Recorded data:
- - - - -

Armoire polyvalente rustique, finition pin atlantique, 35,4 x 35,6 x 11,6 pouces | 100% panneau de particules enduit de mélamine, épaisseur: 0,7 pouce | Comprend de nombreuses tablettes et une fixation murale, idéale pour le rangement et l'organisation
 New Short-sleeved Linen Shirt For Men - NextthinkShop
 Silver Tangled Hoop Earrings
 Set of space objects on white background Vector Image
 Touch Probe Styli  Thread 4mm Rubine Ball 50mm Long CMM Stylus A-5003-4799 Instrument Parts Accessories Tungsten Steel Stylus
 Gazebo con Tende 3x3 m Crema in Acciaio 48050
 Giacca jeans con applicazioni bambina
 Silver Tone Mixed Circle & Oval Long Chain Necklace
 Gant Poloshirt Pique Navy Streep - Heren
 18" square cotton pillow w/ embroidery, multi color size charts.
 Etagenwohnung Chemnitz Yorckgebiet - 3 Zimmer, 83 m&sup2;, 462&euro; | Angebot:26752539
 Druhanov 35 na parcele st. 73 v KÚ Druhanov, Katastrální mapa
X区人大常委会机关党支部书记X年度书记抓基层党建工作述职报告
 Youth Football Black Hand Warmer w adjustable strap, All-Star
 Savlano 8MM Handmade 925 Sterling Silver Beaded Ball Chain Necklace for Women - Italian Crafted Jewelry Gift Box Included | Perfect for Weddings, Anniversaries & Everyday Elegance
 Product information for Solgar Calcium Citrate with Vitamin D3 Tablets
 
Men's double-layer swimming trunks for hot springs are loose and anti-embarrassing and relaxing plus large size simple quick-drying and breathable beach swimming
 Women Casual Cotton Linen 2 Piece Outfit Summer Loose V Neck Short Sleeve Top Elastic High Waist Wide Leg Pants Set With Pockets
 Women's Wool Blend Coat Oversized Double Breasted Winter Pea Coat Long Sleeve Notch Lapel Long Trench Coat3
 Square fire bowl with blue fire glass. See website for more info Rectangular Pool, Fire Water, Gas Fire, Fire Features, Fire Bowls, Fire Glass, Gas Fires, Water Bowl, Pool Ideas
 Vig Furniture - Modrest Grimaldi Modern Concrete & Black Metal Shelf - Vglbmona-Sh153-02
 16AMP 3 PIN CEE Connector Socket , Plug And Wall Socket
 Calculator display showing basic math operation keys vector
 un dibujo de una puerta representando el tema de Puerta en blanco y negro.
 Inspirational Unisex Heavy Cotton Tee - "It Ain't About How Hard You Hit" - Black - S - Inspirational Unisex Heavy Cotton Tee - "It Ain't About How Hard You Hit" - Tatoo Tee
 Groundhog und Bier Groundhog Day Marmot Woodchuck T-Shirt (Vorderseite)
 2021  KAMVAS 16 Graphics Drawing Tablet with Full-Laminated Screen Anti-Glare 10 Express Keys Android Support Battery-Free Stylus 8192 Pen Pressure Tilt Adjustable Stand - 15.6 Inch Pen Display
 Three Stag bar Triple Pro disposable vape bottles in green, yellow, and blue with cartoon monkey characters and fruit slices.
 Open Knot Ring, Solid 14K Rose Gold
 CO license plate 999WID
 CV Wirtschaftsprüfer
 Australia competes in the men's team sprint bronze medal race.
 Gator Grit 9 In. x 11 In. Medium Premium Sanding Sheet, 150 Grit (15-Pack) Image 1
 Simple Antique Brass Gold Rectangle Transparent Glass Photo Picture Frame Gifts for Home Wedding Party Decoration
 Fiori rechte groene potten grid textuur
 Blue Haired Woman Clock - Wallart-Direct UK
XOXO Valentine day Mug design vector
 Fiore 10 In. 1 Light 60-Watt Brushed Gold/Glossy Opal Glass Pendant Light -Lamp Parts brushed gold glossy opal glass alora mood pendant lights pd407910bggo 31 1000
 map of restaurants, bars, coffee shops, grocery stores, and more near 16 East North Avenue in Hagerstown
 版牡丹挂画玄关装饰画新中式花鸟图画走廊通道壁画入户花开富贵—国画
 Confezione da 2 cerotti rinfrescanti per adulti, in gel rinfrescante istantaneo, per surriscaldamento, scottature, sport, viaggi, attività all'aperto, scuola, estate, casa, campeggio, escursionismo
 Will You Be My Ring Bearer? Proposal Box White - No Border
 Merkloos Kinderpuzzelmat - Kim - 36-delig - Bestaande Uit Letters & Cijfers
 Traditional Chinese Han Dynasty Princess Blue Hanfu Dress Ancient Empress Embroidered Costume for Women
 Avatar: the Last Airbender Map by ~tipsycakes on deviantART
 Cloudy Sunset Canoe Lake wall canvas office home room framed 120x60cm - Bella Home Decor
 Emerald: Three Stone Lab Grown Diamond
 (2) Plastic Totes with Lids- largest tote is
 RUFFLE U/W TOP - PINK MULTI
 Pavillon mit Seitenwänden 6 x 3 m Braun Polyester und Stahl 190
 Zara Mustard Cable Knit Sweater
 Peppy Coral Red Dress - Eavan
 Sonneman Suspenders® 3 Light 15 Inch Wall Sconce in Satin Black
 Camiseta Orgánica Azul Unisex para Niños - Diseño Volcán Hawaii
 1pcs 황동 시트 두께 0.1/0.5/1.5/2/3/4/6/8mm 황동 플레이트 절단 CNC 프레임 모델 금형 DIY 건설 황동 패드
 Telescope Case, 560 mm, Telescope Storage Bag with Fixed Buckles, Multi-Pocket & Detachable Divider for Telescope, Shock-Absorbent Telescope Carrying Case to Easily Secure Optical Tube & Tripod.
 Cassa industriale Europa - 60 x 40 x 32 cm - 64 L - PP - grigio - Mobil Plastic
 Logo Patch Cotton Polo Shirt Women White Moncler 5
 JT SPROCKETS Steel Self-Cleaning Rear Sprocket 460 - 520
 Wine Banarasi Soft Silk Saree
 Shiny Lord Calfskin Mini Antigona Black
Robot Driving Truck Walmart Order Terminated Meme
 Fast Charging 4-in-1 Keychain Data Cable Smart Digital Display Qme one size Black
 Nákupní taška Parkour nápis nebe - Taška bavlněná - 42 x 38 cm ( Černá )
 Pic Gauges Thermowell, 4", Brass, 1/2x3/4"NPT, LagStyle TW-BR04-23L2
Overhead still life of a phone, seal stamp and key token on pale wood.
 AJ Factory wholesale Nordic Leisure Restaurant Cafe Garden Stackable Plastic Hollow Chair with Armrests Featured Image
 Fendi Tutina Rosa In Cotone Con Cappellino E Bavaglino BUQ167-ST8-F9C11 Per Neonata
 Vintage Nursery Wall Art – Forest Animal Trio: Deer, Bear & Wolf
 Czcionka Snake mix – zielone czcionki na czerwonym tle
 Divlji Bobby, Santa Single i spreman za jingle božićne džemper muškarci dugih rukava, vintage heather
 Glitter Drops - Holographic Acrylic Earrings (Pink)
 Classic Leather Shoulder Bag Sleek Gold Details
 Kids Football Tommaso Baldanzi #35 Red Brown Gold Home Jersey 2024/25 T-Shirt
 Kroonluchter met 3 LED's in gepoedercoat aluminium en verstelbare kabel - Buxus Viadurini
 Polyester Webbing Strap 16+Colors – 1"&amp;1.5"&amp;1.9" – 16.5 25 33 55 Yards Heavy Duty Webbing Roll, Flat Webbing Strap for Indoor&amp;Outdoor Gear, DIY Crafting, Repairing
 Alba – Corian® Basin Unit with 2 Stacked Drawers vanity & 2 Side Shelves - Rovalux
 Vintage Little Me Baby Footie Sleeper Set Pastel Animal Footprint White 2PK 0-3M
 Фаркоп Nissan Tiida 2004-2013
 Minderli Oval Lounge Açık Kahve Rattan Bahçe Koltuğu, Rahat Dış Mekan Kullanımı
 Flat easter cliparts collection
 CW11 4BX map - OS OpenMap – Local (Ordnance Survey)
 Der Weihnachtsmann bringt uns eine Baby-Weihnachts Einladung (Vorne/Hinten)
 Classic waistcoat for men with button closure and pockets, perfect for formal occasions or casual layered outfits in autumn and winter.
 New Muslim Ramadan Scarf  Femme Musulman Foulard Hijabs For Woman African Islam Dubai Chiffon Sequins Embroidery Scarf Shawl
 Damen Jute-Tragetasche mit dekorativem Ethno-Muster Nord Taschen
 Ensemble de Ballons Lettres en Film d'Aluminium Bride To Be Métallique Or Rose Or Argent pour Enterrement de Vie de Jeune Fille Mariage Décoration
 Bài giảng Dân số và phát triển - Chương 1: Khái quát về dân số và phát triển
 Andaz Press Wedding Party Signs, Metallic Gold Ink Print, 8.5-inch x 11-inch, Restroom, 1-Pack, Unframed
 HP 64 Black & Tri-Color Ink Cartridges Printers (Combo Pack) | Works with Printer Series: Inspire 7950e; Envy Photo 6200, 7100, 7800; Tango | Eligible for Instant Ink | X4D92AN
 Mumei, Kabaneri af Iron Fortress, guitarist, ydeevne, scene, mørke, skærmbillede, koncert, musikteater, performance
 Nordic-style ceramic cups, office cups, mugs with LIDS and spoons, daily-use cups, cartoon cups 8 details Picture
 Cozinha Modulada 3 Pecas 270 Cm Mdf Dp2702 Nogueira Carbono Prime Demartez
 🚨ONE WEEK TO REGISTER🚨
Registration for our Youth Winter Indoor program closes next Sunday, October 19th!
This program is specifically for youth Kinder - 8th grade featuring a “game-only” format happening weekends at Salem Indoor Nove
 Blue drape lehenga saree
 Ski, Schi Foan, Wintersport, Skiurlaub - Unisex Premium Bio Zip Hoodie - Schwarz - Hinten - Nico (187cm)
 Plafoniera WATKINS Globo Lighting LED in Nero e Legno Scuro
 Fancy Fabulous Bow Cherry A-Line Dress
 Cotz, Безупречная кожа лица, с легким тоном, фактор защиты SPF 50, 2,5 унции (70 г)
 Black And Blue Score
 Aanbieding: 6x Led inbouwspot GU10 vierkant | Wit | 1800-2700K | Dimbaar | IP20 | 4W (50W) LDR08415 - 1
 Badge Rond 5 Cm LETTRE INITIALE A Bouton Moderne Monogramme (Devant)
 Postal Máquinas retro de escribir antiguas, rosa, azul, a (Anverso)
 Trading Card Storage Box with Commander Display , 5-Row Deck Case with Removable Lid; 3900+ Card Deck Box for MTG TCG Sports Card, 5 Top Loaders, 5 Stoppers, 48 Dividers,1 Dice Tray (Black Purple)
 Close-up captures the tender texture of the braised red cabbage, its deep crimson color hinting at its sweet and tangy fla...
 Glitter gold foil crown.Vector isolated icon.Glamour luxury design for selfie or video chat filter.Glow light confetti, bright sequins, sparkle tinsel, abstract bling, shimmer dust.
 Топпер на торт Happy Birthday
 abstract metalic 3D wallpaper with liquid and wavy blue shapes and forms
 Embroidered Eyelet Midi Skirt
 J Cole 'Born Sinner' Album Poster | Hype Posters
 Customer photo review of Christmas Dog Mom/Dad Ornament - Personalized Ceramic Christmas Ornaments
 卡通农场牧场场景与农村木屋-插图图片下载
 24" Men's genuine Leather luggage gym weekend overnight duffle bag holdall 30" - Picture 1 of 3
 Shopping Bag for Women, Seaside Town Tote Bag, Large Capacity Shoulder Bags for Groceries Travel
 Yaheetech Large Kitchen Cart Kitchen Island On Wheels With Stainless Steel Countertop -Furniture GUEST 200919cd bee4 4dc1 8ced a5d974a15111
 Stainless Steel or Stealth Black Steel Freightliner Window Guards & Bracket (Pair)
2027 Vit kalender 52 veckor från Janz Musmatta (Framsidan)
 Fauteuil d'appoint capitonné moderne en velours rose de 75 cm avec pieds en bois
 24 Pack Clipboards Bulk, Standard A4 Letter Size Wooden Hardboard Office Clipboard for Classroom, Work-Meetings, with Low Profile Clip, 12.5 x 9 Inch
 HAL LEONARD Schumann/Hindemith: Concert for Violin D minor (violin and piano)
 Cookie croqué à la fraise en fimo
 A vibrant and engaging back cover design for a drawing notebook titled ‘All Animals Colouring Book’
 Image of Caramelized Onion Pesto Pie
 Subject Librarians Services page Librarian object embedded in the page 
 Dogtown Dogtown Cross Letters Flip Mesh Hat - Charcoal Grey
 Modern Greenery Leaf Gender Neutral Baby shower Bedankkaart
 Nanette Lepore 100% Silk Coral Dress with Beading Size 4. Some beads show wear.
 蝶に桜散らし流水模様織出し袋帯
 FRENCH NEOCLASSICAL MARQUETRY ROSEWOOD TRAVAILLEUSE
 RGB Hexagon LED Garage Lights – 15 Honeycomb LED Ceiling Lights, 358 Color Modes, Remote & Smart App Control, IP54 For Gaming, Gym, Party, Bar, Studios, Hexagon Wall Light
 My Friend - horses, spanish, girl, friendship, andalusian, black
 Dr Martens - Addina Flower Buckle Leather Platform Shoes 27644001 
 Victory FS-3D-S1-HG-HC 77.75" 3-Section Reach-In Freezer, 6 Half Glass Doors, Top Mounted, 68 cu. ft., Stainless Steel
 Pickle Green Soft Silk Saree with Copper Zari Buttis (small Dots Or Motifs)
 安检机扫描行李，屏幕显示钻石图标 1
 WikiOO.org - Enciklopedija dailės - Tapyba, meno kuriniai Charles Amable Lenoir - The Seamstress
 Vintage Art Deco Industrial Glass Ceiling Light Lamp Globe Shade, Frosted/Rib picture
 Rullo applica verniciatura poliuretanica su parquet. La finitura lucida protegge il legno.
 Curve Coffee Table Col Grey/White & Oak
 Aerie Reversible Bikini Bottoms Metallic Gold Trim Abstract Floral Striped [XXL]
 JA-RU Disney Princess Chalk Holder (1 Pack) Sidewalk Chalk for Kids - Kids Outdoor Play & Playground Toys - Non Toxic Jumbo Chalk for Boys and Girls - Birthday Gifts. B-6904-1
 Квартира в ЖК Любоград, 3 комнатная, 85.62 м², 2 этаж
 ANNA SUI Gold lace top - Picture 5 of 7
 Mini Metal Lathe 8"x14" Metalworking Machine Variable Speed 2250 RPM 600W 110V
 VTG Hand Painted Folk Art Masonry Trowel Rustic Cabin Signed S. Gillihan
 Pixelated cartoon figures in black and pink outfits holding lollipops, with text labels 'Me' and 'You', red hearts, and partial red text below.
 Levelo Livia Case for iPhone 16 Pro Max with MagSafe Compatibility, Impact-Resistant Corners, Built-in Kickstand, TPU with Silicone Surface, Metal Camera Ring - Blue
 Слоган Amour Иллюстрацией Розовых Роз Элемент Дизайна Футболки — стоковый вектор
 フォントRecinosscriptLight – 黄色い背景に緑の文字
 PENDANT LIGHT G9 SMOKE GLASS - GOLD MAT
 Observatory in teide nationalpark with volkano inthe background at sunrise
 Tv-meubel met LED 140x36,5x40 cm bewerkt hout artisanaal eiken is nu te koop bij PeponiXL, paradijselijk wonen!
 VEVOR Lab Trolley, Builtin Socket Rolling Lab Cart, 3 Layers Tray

- - - - -

— What is expected —
All lines above from the one holding "Confezione da 2" to the one holding "Fast Charging 4-in-1", inclusive, are to be copied exactly; no other line is wanted.

— Response box —
 Confezione da 2 cerotti rinfrescanti per adulti, in gel rinfrescante istantaneo, per surriscaldamento, scottature, sport, viaggi, attività all'aperto, scuola, estate, casa, campeggio, escursionismo
 Will You Be My Ring Bearer? Proposal Box White - No Border
 Merkloos Kinderpuzzelmat - Kim - 36-delig - Bestaande Uit Letters & Cijfers
 Traditional Chinese Han Dynasty Princess Blue Hanfu Dress Ancient Empress Embroidered Costume for Women
 Avatar: the Last Airbender Map by ~tipsycakes on deviantART
 Cloudy Sunset Canoe Lake wall canvas office home room framed 120x60cm - Bella Home Decor
 Emerald: Three Stone Lab Grown Diamond
 (2) Plastic Totes with Lids- largest tote is
 RUFFLE U/W TOP - PINK MULTI
 Pavillon mit Seitenwänden 6 x 3 m Braun Polyester und Stahl 190
 Zara Mustard Cable Knit Sweater
 Peppy Coral Red Dress - Eavan
 Sonneman Suspenders® 3 Light 15 Inch Wall Sconce in Satin Black
 Camiseta Orgánica Azul Unisex para Niños - Diseño Volcán Hawaii
 1pcs 황동 시트 두께 0.1/0.5/1.5/2/3/4/6/8mm 황동 플레이트 절단 CNC 프레임 모델 금형 DIY 건설 황동 패드
 Telescope Case, 560 mm, Telescope Storage Bag with Fixed Buckles, Multi-Pocket & Detachable Divider for Telescope, Shock-Absorbent Telescope Carrying Case to Easily Secure Optical Tube & Tripod.
 Cassa industriale Europa - 60 x 40 x 32 cm - 64 L - PP - grigio - Mobil Plastic
 Logo Patch Cotton Polo Shirt Women White Moncler 5
 JT SPROCKETS Steel Self-Cleaning Rear Sprocket 460 - 520
 Wine Banarasi Soft Silk Saree
 Shiny Lord Calfskin Mini Antigona Black
Robot Driving Truck Walmart Order Terminated Meme
 Fast Charging 4-in-1 Keychain Data Cable Smart Digital Display Qme one size Black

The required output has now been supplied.